EXERCISE REQUIREMENTS:
Retype word for word the lines of the data below, from the first to the one bearing "Woods at Sunset Acrylic by Jon Saiss", with that one included.

Scraped caption text data:
- - -

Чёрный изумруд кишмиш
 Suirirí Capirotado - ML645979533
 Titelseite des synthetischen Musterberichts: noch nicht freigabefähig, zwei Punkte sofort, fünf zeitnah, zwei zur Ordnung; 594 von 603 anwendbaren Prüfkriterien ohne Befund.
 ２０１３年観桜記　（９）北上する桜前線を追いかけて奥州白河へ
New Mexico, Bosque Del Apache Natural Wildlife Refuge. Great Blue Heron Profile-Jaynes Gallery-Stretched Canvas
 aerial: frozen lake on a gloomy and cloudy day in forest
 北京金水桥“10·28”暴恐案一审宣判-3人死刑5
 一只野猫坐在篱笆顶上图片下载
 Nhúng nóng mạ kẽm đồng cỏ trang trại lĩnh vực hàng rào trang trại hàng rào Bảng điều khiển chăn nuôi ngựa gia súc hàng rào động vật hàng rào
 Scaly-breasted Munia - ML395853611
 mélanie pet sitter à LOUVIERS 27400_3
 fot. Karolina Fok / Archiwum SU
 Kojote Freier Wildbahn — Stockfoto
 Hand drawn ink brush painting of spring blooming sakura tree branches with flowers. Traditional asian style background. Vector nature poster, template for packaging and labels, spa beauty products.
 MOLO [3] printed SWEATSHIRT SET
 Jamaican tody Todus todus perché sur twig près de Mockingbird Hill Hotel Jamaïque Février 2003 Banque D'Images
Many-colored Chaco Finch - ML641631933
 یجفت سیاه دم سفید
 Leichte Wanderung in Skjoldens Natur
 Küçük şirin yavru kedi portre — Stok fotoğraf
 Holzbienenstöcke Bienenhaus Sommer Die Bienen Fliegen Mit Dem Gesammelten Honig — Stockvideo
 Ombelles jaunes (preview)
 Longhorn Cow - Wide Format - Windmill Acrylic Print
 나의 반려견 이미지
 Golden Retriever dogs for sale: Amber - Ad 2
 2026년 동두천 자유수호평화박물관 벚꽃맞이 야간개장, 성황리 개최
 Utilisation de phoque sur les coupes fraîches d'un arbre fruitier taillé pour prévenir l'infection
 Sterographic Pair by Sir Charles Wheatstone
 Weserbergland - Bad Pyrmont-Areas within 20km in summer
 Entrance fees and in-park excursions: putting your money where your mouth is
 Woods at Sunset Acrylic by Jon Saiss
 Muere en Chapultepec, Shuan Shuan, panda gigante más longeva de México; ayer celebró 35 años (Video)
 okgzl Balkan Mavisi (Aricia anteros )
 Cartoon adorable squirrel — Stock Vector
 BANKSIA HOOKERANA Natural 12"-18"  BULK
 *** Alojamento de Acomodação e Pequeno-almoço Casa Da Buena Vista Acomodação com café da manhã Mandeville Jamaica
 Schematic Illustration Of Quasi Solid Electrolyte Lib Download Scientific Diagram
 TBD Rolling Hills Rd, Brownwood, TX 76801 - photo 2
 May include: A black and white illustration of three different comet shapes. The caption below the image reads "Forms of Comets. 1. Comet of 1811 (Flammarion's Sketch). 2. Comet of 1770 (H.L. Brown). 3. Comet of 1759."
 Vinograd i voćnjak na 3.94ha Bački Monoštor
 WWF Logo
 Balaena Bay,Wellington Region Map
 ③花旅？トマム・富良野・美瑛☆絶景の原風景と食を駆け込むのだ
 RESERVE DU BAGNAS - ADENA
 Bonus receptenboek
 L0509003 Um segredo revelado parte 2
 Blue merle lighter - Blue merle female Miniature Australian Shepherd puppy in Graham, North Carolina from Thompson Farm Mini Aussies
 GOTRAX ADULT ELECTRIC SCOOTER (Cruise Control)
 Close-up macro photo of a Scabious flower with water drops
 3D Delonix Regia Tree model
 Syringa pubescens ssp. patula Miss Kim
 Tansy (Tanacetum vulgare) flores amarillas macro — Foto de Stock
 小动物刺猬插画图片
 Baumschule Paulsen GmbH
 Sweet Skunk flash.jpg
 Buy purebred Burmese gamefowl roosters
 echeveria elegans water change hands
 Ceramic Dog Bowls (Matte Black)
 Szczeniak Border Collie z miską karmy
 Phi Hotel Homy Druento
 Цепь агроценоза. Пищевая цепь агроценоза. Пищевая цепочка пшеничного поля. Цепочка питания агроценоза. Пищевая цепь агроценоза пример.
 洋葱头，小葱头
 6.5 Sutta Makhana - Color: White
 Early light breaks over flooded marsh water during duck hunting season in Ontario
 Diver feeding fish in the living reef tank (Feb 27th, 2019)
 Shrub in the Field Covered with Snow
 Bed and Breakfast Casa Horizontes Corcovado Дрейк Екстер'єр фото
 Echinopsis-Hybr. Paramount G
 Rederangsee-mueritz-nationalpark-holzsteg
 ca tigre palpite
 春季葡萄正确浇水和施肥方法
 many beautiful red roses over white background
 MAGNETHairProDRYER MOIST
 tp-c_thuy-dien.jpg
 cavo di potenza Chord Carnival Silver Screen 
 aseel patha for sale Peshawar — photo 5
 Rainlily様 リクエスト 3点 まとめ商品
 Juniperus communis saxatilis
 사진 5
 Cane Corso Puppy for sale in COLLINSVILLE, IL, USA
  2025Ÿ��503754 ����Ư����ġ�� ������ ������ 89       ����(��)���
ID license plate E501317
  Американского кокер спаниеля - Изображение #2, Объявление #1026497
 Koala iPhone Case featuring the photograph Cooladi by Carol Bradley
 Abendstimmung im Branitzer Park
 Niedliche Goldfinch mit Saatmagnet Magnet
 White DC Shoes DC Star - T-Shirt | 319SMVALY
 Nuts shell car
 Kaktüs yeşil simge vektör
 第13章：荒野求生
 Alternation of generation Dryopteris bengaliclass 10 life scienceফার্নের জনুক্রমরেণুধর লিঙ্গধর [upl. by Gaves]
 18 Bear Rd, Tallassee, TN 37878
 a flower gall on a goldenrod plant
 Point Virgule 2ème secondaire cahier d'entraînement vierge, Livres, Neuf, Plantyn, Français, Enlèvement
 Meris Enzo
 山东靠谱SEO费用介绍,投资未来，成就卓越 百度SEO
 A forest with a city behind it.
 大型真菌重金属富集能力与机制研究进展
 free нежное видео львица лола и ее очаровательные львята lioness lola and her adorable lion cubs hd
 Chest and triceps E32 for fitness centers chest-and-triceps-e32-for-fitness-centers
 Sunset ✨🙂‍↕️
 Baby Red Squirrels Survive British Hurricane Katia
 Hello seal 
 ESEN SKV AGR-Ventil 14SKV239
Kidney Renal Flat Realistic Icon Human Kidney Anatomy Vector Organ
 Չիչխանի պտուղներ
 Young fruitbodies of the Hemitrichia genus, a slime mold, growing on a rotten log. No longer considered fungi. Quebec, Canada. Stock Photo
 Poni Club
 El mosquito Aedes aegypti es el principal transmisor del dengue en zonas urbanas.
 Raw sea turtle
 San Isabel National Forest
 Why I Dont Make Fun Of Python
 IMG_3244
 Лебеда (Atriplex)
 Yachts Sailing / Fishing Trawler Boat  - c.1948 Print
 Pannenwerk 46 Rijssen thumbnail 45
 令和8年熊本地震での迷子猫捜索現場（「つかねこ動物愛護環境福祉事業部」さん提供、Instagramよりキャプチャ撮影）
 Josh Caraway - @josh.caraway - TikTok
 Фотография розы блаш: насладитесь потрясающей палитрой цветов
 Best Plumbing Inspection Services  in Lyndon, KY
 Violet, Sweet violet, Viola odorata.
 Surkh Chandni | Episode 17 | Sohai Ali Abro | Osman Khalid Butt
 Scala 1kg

- - -

ANSWER TO THIS PROBLEM:
Чёрный изумруд кишмиш
 Suirirí Capirotado - ML645979533
 Titelseite des synthetischen Musterberichts: noch nicht freigabefähig, zwei Punkte sofort, fünf zeitnah, zwei zur Ordnung; 594 von 603 anwendbaren Prüfkriterien ohne Befund.
 ２０１３年観桜記　（９）北上する桜前線を追いかけて奥州白河へ
New Mexico, Bosque Del Apache Natural Wildlife Refuge. Great Blue Heron Profile-Jaynes Gallery-Stretched Canvas
 aerial: frozen lake on a gloomy and cloudy day in forest
 北京金水桥“10·28”暴恐案一审宣判-3人死刑5
 一只野猫坐在篱笆顶上图片下载
 Nhúng nóng mạ kẽm đồng cỏ trang trại lĩnh vực hàng rào trang trại hàng rào Bảng điều khiển chăn nuôi ngựa gia súc hàng rào động vật hàng rào
 Scaly-breasted Munia - ML395853611
 mélanie pet sitter à LOUVIERS 27400_3
 fot. Karolina Fok / Archiwum SU
 Kojote Freier Wildbahn — Stockfoto
 Hand drawn ink brush painting of spring blooming sakura tree branches with flowers. Traditional asian style background. Vector nature poster, template for packaging and labels, spa beauty products.
 MOLO [3] printed SWEATSHIRT SET
 Jamaican tody Todus todus perché sur twig près de Mockingbird Hill Hotel Jamaïque Février 2003 Banque D'Images
Many-colored Chaco Finch - ML641631933
 یجفت سیاه دم سفید
 Leichte Wanderung in Skjoldens Natur
 Küçük şirin yavru kedi portre — Stok fotoğraf
 Holzbienenstöcke Bienenhaus Sommer Die Bienen Fliegen Mit Dem Gesammelten Honig — Stockvideo
 Ombelles jaunes (preview)
 Longhorn Cow - Wide Format - Windmill Acrylic Print
 나의 반려견 이미지
 Golden Retriever dogs for sale: Amber - Ad 2
 2026년 동두천 자유수호평화박물관 벚꽃맞이 야간개장, 성황리 개최
 Utilisation de phoque sur les coupes fraîches d'un arbre fruitier taillé pour prévenir l'infection
 Sterographic Pair by Sir Charles Wheatstone
 Weserbergland - Bad Pyrmont-Areas within 20km in summer
 Entrance fees and in-park excursions: putting your money where your mouth is
 Woods at Sunset Acrylic by Jon Saiss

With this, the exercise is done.